(Yes, the title of this post is intentionally ambiguous. Do you like it? No? Well, it'll be obvious in a second anyway....)
So now that I'm back in the U.S., back at my uni, and back to the semi-daily grind, I'm reminded of all the other, slightly more pressing personal issues I face. The list:
1. I have no real passions, and therefore don't really know what to do with myself
2. I have no confidence or comfort with myself, and therefore don't know whom to turn to for/how to seek aid in these matters
3. Because of (1) and (2), am stuck in a position where:
a. I don't want to do anything
b. I don't want to figure out how to not want to do nothing
This list is, I'm sure, not unique to me, nor is it comprehensive, nor even very descriptive of the way I feel on a semi-hourly basis. That aside...Case in point: I've signed up, perhaps stupidly, for two philosophy seminar courses this semester. Why? Well, I dunno. I originally signed up for one, and even now after a mere three weeks in that one, I'm not sure that I understand/care enough to try to understand what is being taught. The other should be good, but I joined it recently enough that I can't say for sure, and in truth, I don't care enough about either at this point to want to put in the effort necessary to actually enjoy them later.
Additionally, after having taken two years of essentially a sham of a Chinese language course, and having received an award for the second year of it, I dropped out because now, three years in, the administers of the program decide to treat it like an actual language course, and thus believe that spending four hours outside of class for every one hour in class (in a class that meets for 5 and 1/2 hours ever week) is a reasonable expectation when previously 1/2 an hour sufficed for an entire week; language acquisition does not work retroactively in the way they seem to want it to. The enrollment from the second to third year of Chinese dropped by about 80%. We are collectively wise, it seems.
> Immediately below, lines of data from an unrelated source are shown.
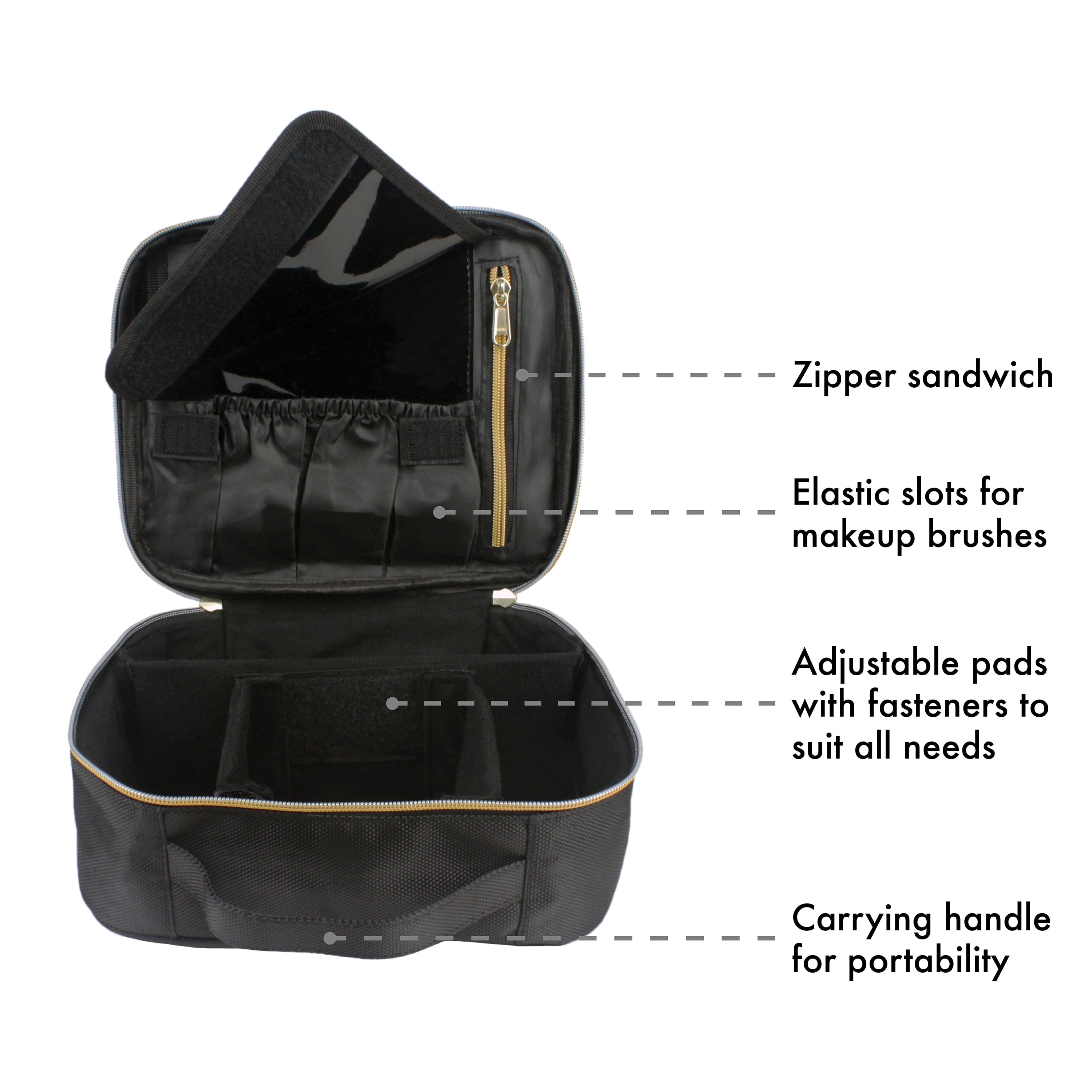 Travel Makeup Case, Adjustable Divider Makeup Bag, Black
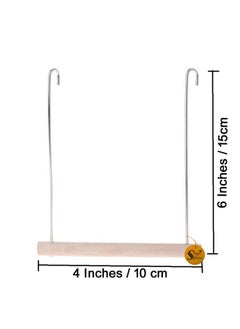 Sage Square Playful Natural Perch Wood Perch Swing Toy Cage Hanging Platform, Climbing, Exercise Perch For Birds (Small) (Pack Of 2)  - Image 2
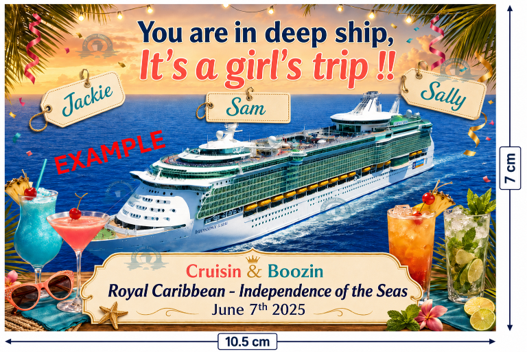 Magnetic Cruise Cabin Door Decoration - "It's a girls trip"- Can be customised (Laminated)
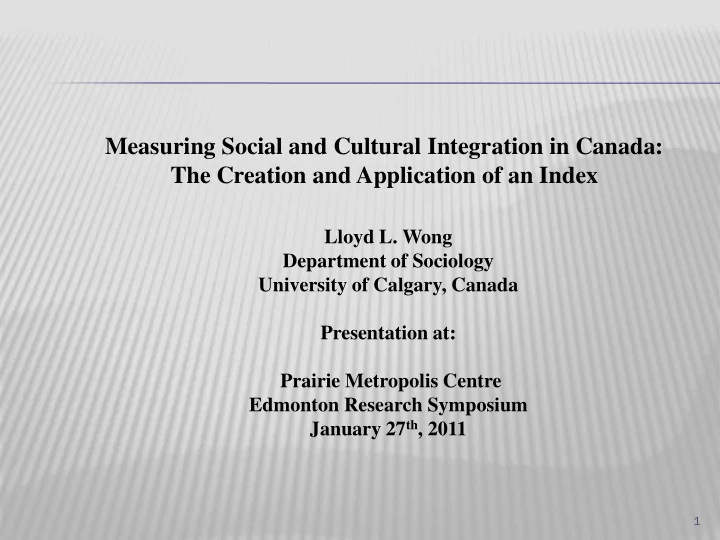 the creation and application of an index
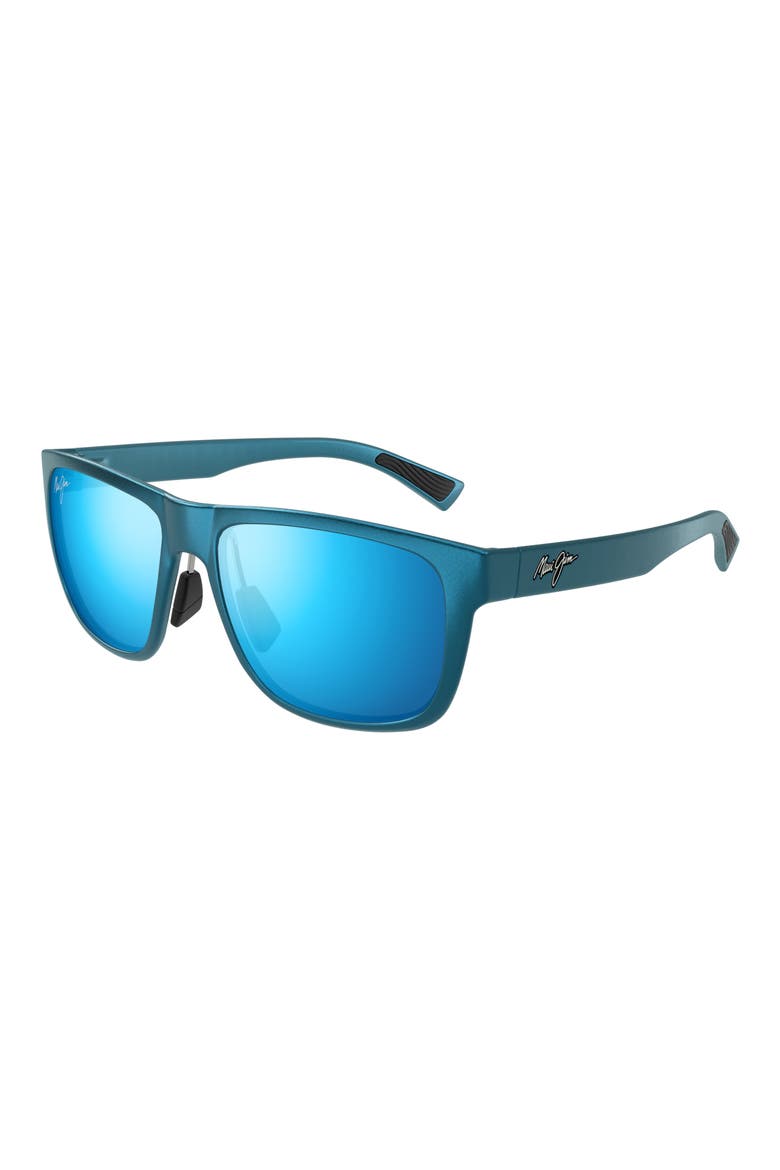 Puakea 57mm PolarizedPlus2® Square Sunglasses, Alternate, color, BLUE/ BLUE HAWAII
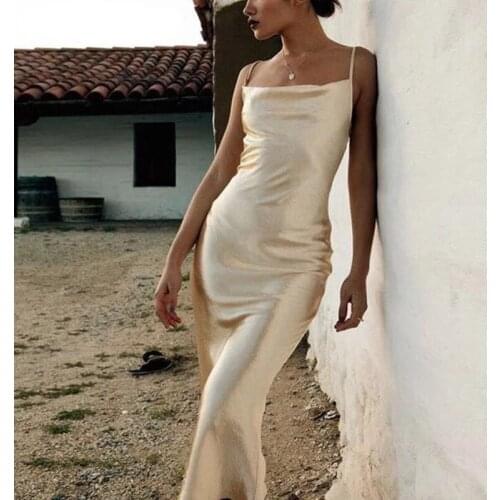 Midi dresses for women 2021 Summer vacation club outfits for women sexy evening party dress korean satin dress elegant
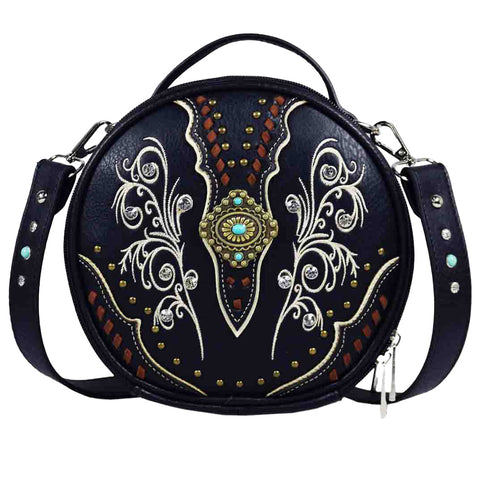 Brass Concho Studded Round Crossbody Bag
Laoshi should approve....
On the other hand, I have started Japanese and am fully cognizant of the fact that this is an actual language course in the way that that third year Chinese course is; also, because it's Introductory Japanese, they don't presume that you have two years of prior knowledge given to you when really you don't and it wasn't. After the first week of the class, and having learned of the grammatical similarities between Japanese and Korean, I am convinced I should have been taking Japanese all along. I am, however, very, very frustrated by the lacksadaisical manner in which the various publishers/distributors of my school books have decided to deliver what I paid for two weeks ago.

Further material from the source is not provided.